The termination of birth and death, pain and pleasure, desire and satisfaction, in short, of all sorts of dualism, does not mean to escape from the world and to lead an ascetic life, nor does it mean to commit suicide and put an end to existence, which is thought the root of all evil. Buddhism understands by the last line of the stanza recited at the beginning of this discourse the purification of the heart from all its selfish desires and defiled sentiments arising from ignorance and prejudice. For the self is no more than an illusory existence, and the separation of "me" from "thee" is fata morgana, and those who believe in their absolute reality are said to be confused. The heart essentially free and pure becomes contaminated as soon as it is caught in the meshes of egoism, and the result is the production of the three venomous desires 1 and the five consuming passions. 2 Of course, it would be madness to deny the relative reality of objects of the senses; no one can refute it. But if we go one step further and declare that their reality is final and ultimate, we logically put ourselves in the most awkward position and morally stand on the most unsteady ground. The irreconcilable egoism which characterizes
the life of the ordinary man is no more than the natural outcome of this fatal realism. To be saved, we must lift the veil of ignorance and come out into the realm of "calm radiance," which is the abode of the enlightened.

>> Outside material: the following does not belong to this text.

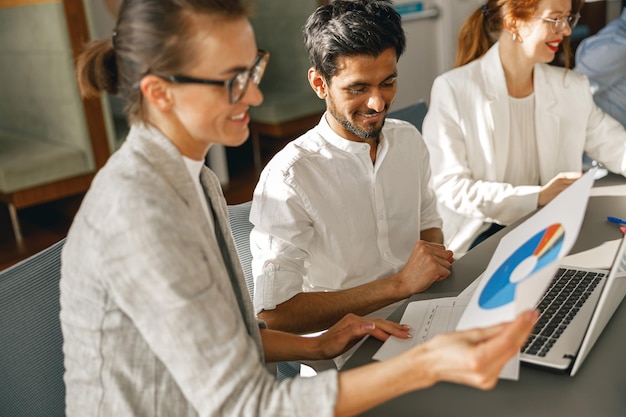 Businesspeople working together in bright office sitting at desk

The conclusion of the whole affair, then, is: The world is characterized by mutability and impermanence; those who do not rise above worldliness are tossed up and down in the whirlpool of passion. But those who know the constitution of things see the infinite in the finite and the supra-phenomenal in the phenomenal, and are blessed in the midst of sufferings and tribulations.
111:1 A sermon delivered at the Buddhist Mission of San Francisco, November, 1905.
111:2 Translated into English:
119:1 Avarice, hatred, and infatuation.
119:2 Inordinate desires arising from the five senses.